The manufacturing sector, which recovered in 2010, has been recording low output due to limited concessionary funding to retool at a time competition from cheap imports has been intensifying. Limited investment in key economic sectors has been attributed to the country’s poor investment laws with critics citing the indigenisation and empowerment laws compelling foreign investors to sell controlling equity 51% stakes to locals as the elephant in the living room.
The manufacturing sector, which government has placed its hopes on, has since collapsed and will cost an arm and a leg to revive it. The sector is grappling with obsolete equipment, incessant power cuts, company closures and massive job losses. Furthermore, the continued decline of industry’s capacity utilisation from 57,2% in 2011 to the current 34,3% epitomises the serious challenges faced by a sector.

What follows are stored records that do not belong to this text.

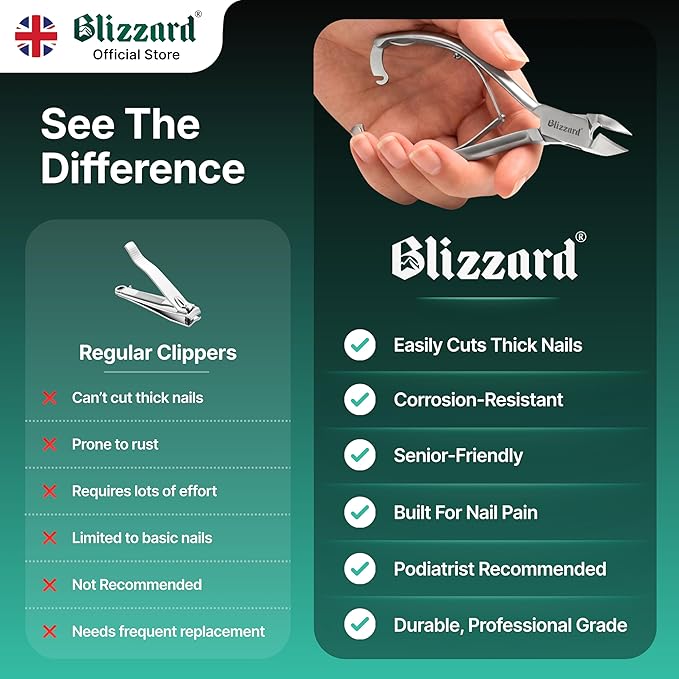 Nail Clippers for Men with Thick or Ingrown Toenails – Blizzard Podiatrist Toenail Clipper Set German Forged – 5.5 inch Heavy Duty Nail Cutter – Moon Head Smooth Handles - Hospital Grade
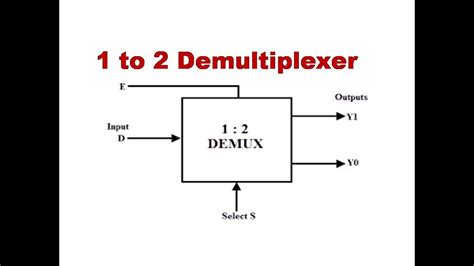 Demultiplexer || 1 to 2 Demultiplexer || 1 X 2 De Multiplexer || 1: 2 Demultiplexer || DLD ...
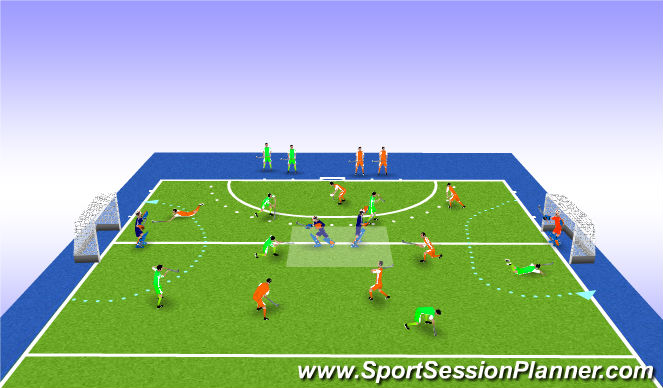 Hockey Session Plan Drill (Colour): 7 v 7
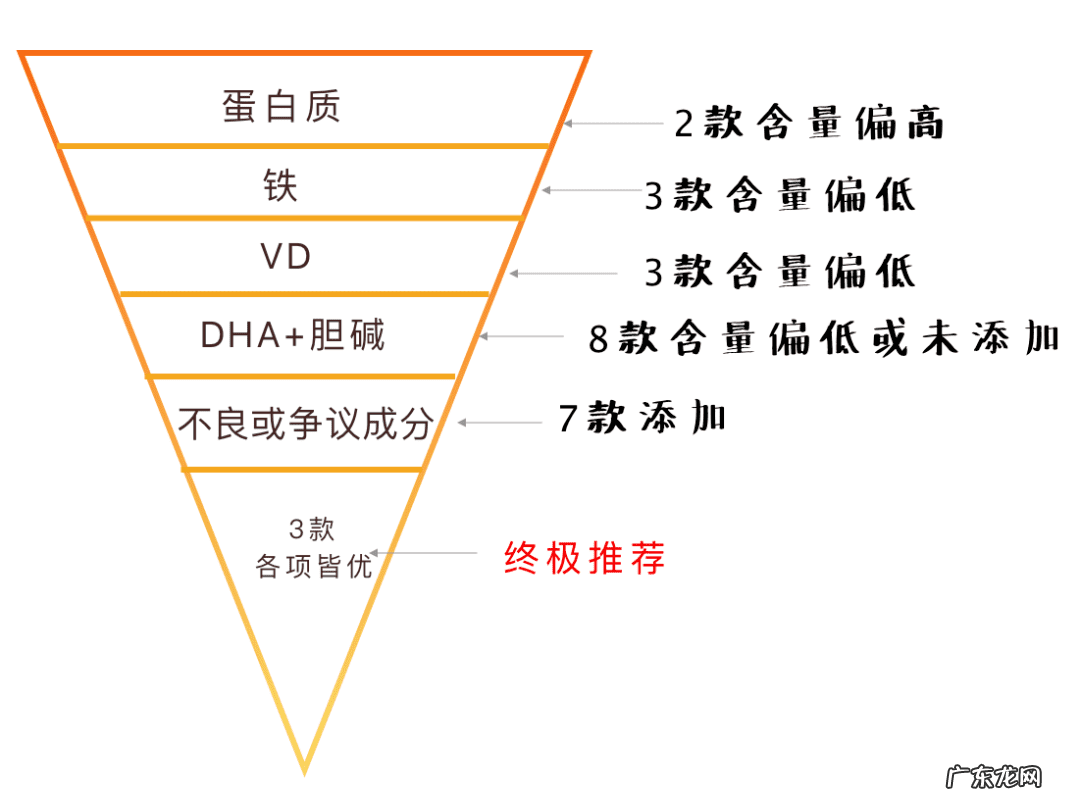 惠氏奶粉二段哪个系列好 惠氏2段奶粉怎么样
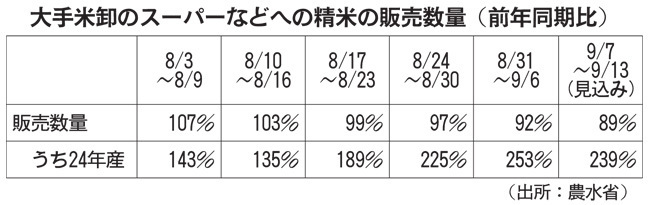 大手米卸のスーパーなどへの精米の販売数量（前年同期比）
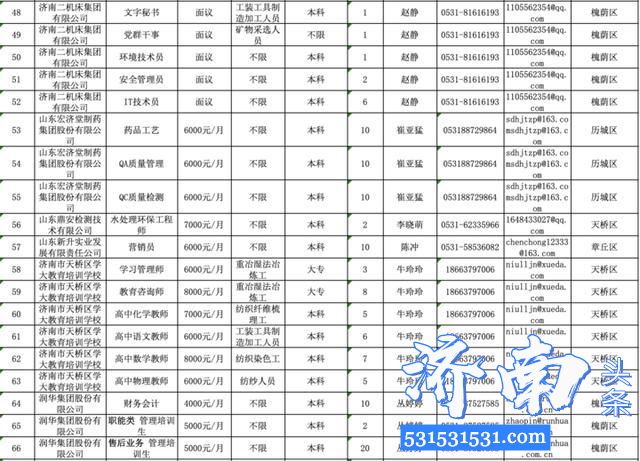 2020济南市千余家企业参加“春风行动”线上招聘会 2020济南市千余家企业参加“春风行动”线上招聘会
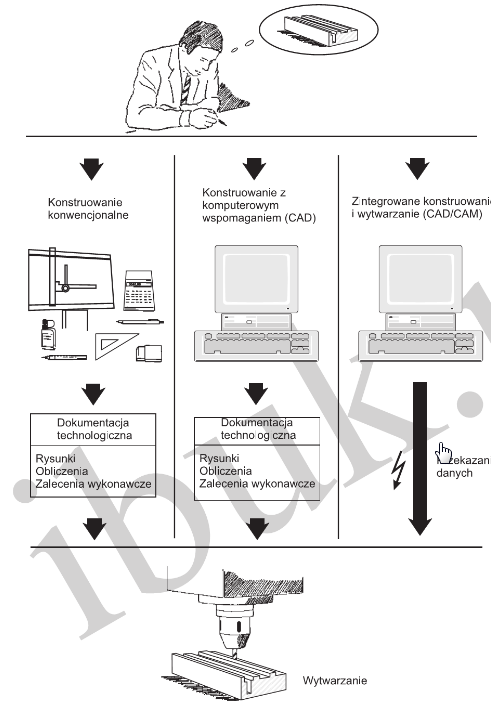 Metody projektowania Rozwój procesów projektowania i wytwarzania 1. Metody konwencjonalne 2.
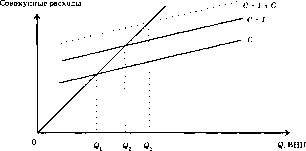 ������ - ������������� ������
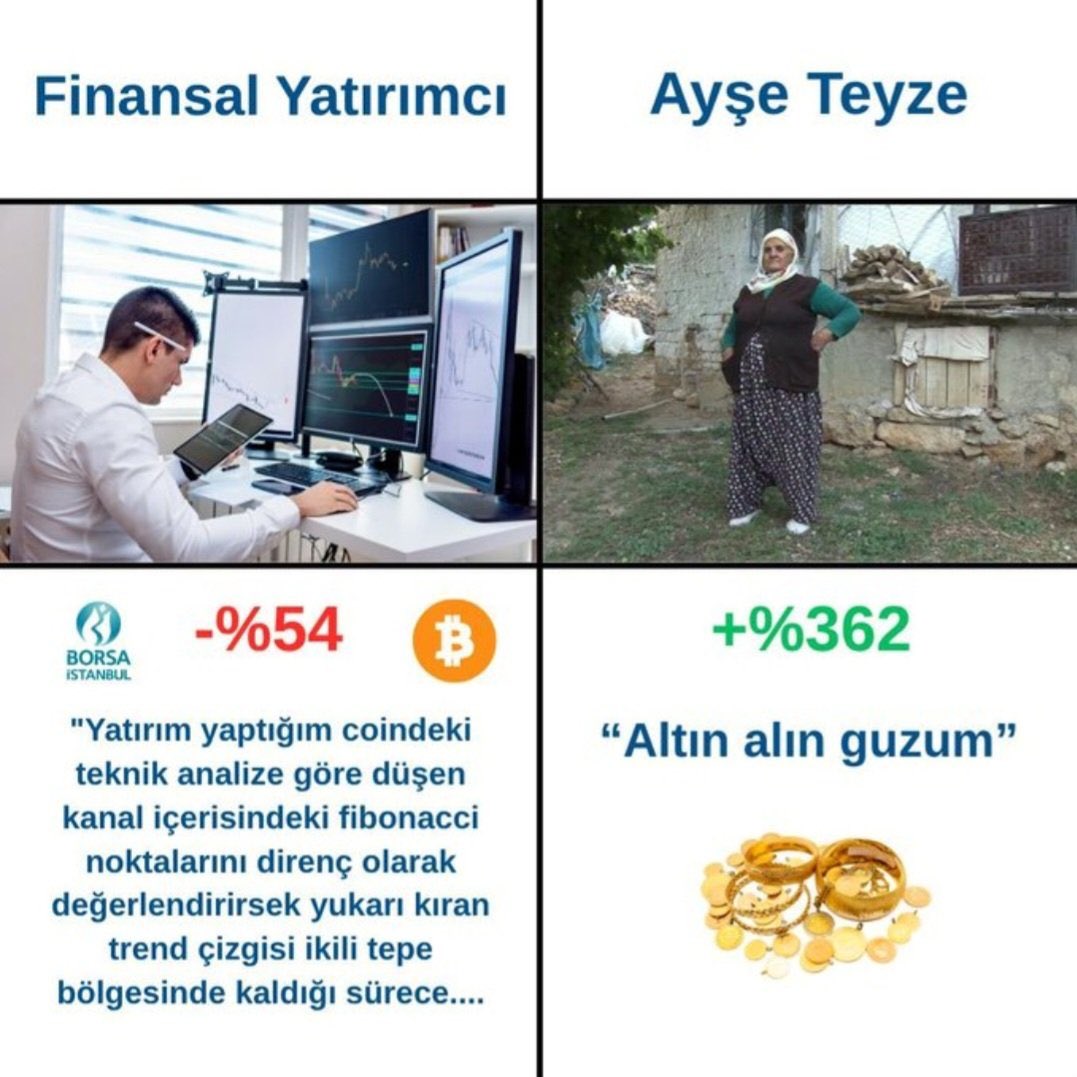 #gramaltın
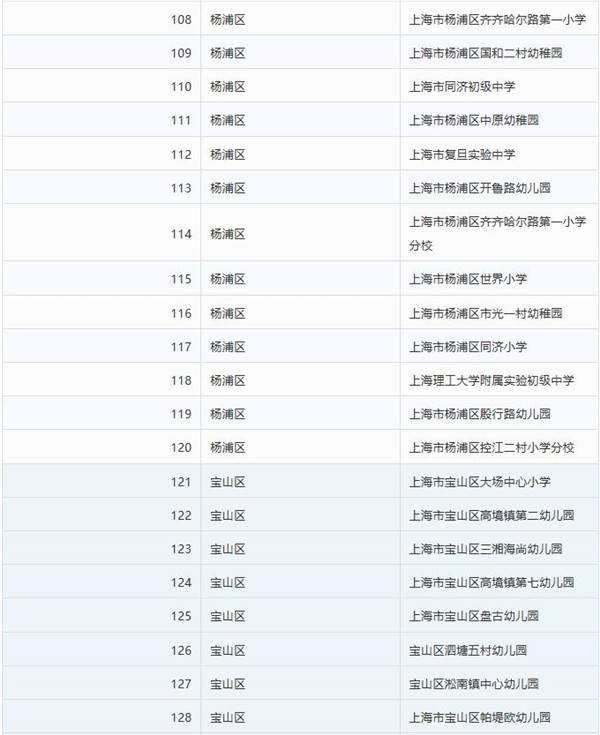 上海宝山|上海家庭教育示范校评估结果公示 宝山有12所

The country’s foreign direct investment (FDI) inflows tumbled from US$545 million in 2014 to US$421 million last year, which represents a 23% drop.
High levels of corruption as shown in the Auditor-General’s reports, among other bottle necks, have discouraged investment in the country. Moreover, failure by government to privatise parastatals, currently bleeding the fiscus, is proof that the projected economic growth within the next two years is just a fantasy.
The broke government’s Lima Plan, a move that would have seen the troubled country paying US$1,8 billion in arrears to preferred international financial institutions (IFIs) and access US$2 billion in new funding, is under threat as many are lobbying against it.
Another hamstring on economic growth is the crippled tourism sector. A ban on ivory imports and invasion of conservancies and endless roadblocks is hurting the sector. A 15% tax imposed on payments for accommodation and tourism services by foreign visitors has left a huge dent on the sector with industry players warning that the tax makes them uncompetitive.
A Zimbabwe Council for Tourism report reveals that due to the value-added tax imposed by government reveals that the country could have lost close to a staggering US$124 million in tourism revenue last year.
Economic analyst John Robertson said it was a pity that government thinks that funding from abroad will revive the economy.
“Government might be rejected by the Chinese because we have failed to remit in the past. It is a pity that we are banking on funding from abroad to revive the economy which was crippled by policies and the destruction of property rights,” said Robertson. “It is government’s mistaken thinking that the economy will grow by 6,6% and projections on recovery will not work. Already there is no growth taking place this year and this shows that government is not telling the truth, if it is not working now why should we believe that it will work next time?”
Economist and Buy Zimbabwe chairman Oswell Binha said government could be left with an egg on the face should the economy slides into recession, as analysts project.
“Zimbabwe under its current circumstances will never achieve any growth beyond 4%, the manifestation of inability to maximise on what we have as major drivers of the economy is affecting us,” Binha said.